_AIM OF THE TASK_: Return the data below exactly as given, except for the images.

_DATASET EXCERPTS_:

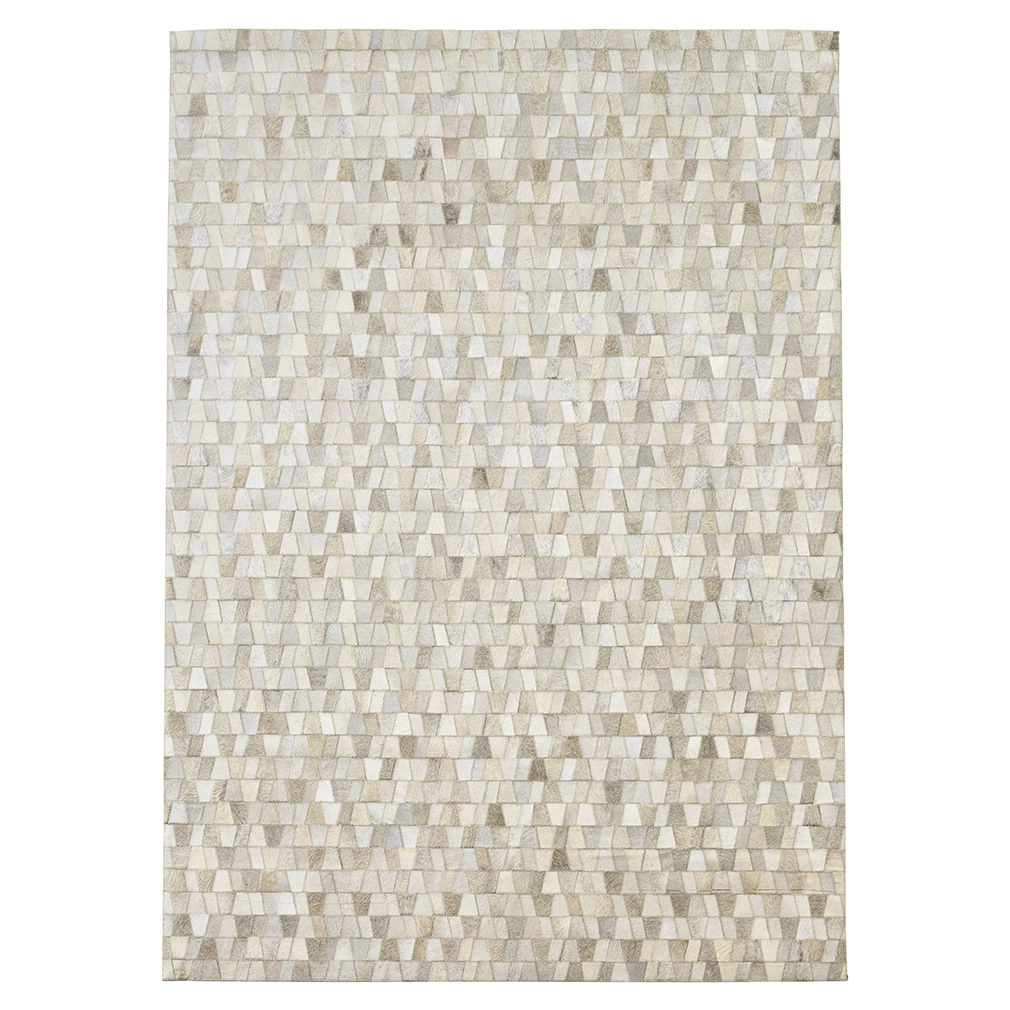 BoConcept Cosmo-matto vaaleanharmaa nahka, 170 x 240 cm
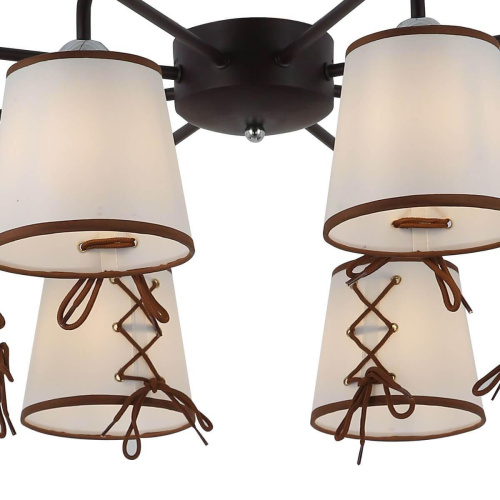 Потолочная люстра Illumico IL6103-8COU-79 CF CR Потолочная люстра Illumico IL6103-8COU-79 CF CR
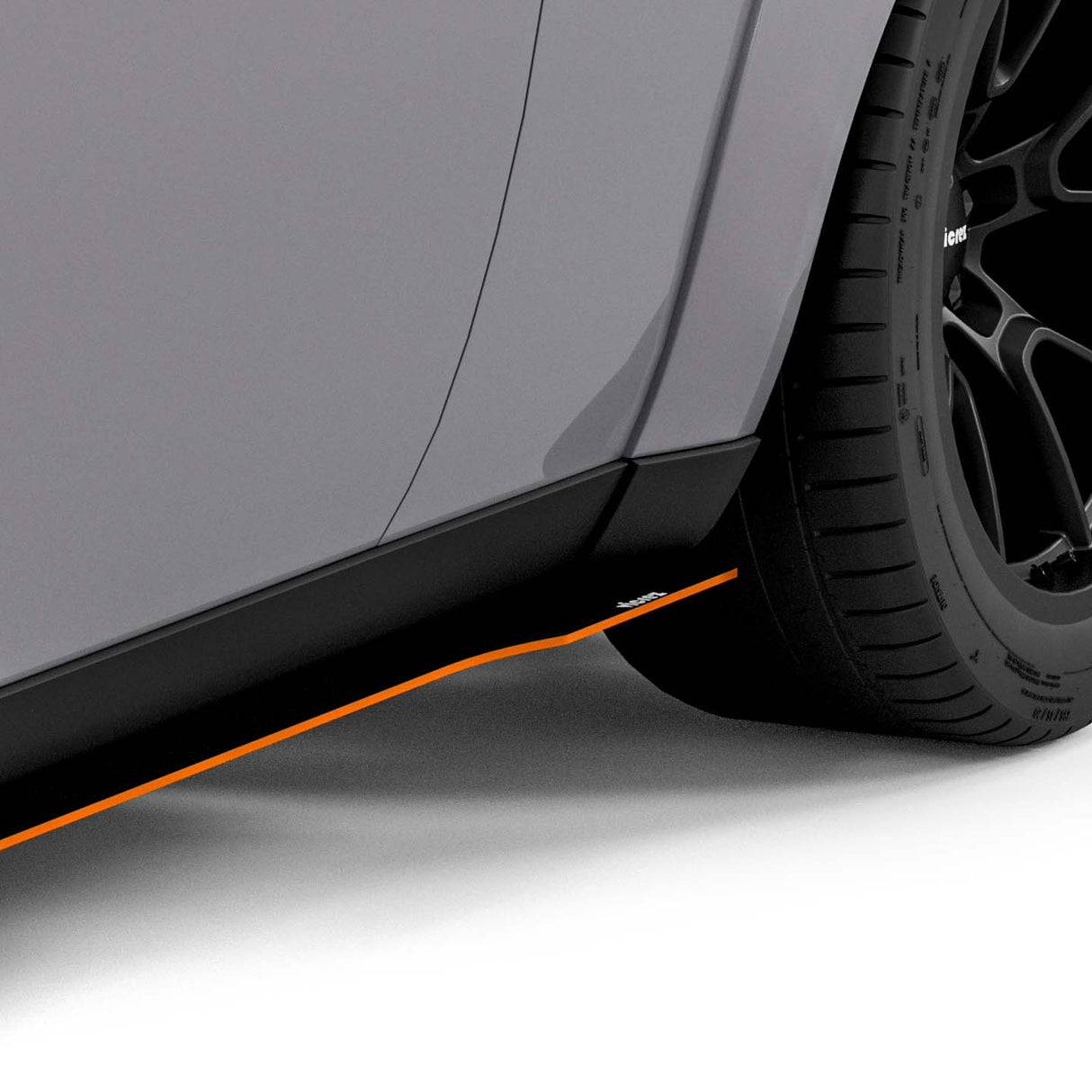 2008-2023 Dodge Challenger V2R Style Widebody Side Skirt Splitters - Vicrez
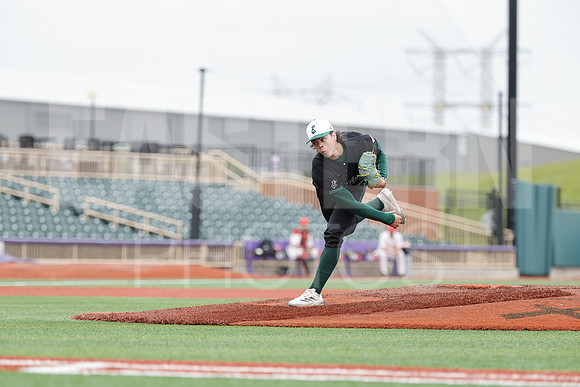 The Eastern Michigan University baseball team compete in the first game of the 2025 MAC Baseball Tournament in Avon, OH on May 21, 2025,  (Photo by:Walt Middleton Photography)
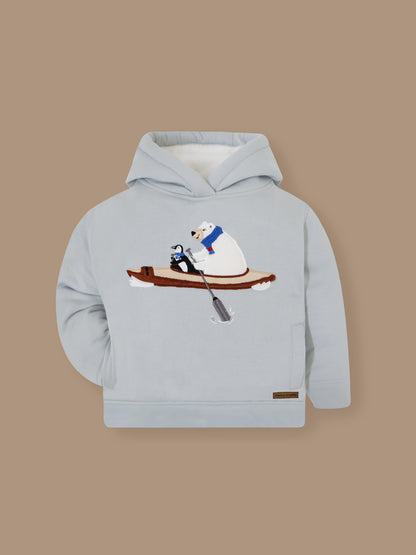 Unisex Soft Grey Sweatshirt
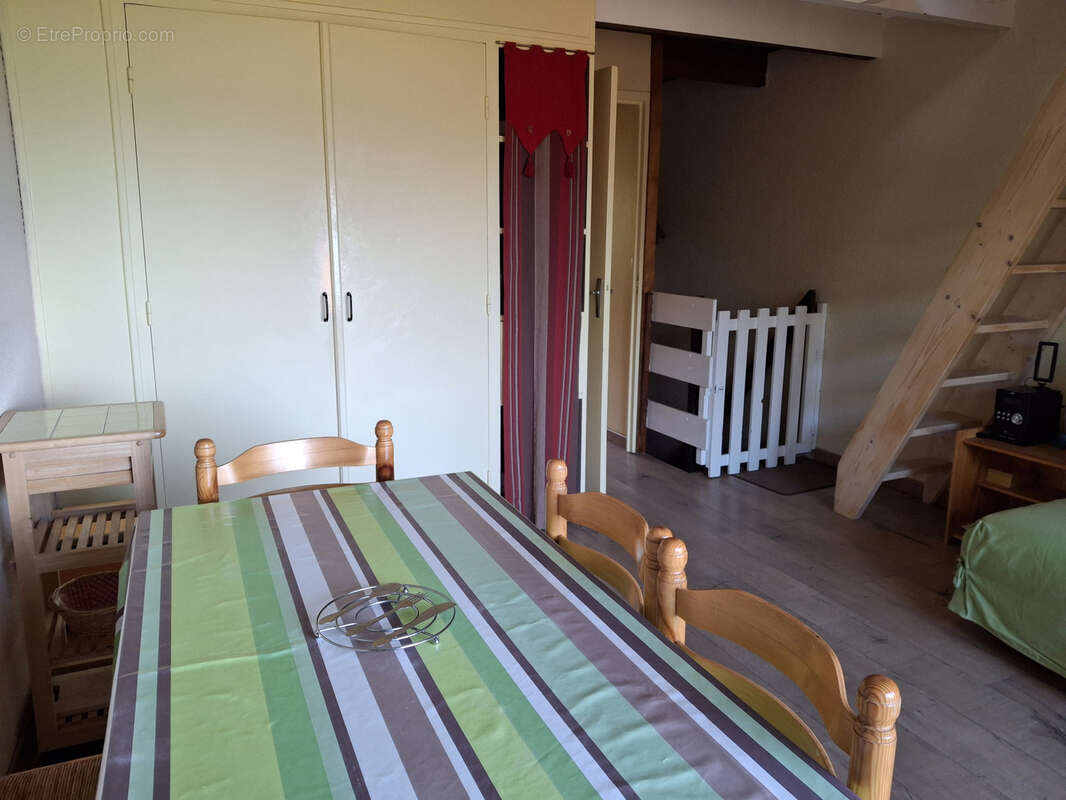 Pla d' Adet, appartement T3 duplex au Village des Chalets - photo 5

_ANSWER BOX_:
 BoConcept Cosmo-matto vaaleanharmaa nahka, 170 x 240 cm
 Потолочная люстра Illumico IL6103-8COU-79 CF CR Потолочная люстра Illumico IL6103-8COU-79 CF CR
 2008-2023 Dodge Challenger V2R Style Widebody Side Skirt Splitters - Vicrez
 The Eastern Michigan University baseball team compete in the first game of the 2025 MAC Baseball Tournament in Avon, OH on May 21, 2025,  (Photo by:Walt Middleton Photography)
 Unisex Soft Grey Sweatshirt
 Pla d' Adet, appartement T3 duplex au Village des Chalets - photo 5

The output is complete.